Work required
Copy out the data below, all of it, exactly.

Exercise data
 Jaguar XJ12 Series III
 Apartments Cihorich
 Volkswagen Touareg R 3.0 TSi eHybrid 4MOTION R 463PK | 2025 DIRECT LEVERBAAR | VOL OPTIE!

Solution for this exercise
 Jaguar XJ12 Series III
 Apartments Cihorich
 Volkswagen Touareg R 3.0 TSi eHybrid 4MOTION R 463PK | 2025 DIRECT LEVERBAAR | VOL OPTIE!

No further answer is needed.